Crane owner, operator both liable for damages caused by its collapse, says court

The case relates to an incident in May 2009 at Bulebel industrial estate in which a car belonging to Emanuel Gauci was damaged by a falling crane, which was being operated by Kevin Bartolo.

The court of appeal has upheld an arbiter's decision to hold a crane owner and operator responsible for the destruction it caused when it toppled over, also ordering them to pay double costs for the frivolous appeal.

The case relates to an incident in May 2009 at Bulebel industrial estate in which a car belonging to Emanuel Gauci was damaged by a falling crane, which was being operated by Kevin Bartolo.

The crane had been removing a large tank from a factory when it overturned, coming to rest on two parked cars, one of which was Gauci's.

Gauci's insurers, Untours Insurance Agency, filed proceedings against Victor Micallef, in whose name the crane was registered. Micallef had denied all responsibility for the accident, as he had lent it to Roc-A-Go Crane Services Ltd, who had been operating it at the time.

In the original decision, the arbiter had held that Micallef bore responsibility for the operation of crane as it was registered in his name, however Micallef had then filed an appeal, arguing that the arbiter had been mistaken. Micallef was at home at the time of the accident, he had argued, besides pointing out that the crane had been on loan to Roc-A-Go, whose employees had been operating it, at the time.

Furthermore, argued the appellants, nobody had witnessed the incident taking place and it had been the Health and Safety Authority that had concluded that an outrigger leg had not been properly deployed.

But Mr.

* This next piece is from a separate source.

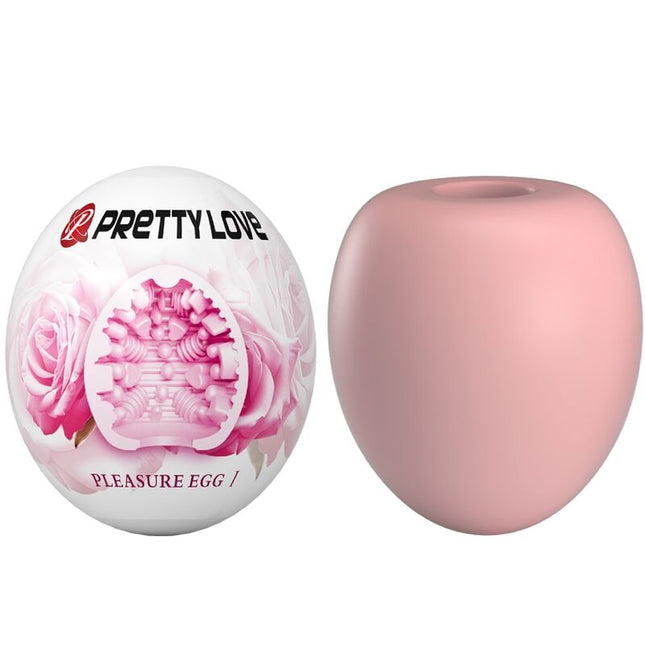 PRETTY LOVE - MASTURBATEUR POUR HOMME OEUF ROSE by PRETTY LOVE PARTY UP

Justice Anthony Ellul, presiding over the court of appeal, held that there was “nothing censurable in the conclsuion reached by the arbiter” as one of the outriggers had not been extended properly and had merely been resting on the ground at the time of the accident.

“Logic dictates that the incident occurred because the outriggers had not been properly assembled,” said the court, also citing the Health and Safety report, which concluded that the crane had toppled over on the side where this outrigger was not extended.

Additionally, said the court, there was nothing to indicate that the incident could have been attributable to force majeur, as had also been alleged.

Micallef had told police at the scene that he had transferred the registered ownership of the crane to the company, but no documentary evidence of this had been exhibited.

The court cited a previous judgement of the court of appeal, Emanuel Zammit noe vs Charles Polidano proprio et, in which it had been held that a company could not shirk its responsibility by saying that it had appointed a person to take care of the work.

It was evident that the person he had appointed was not skilled at operating a crane, said the court, which led to him being liable for entrusting the task to him.

Bartolo had denied being at the controls of the crane before the arbiter but the court noted that this contradicted what he had told police in the immediate aftermath of the incident.

The court confirmed the original award of €4,146.28 to the insurer and €81.52 to Gauci as well as condemning the appellants to pay double costs as the court adjudged the appeal to be friviolous.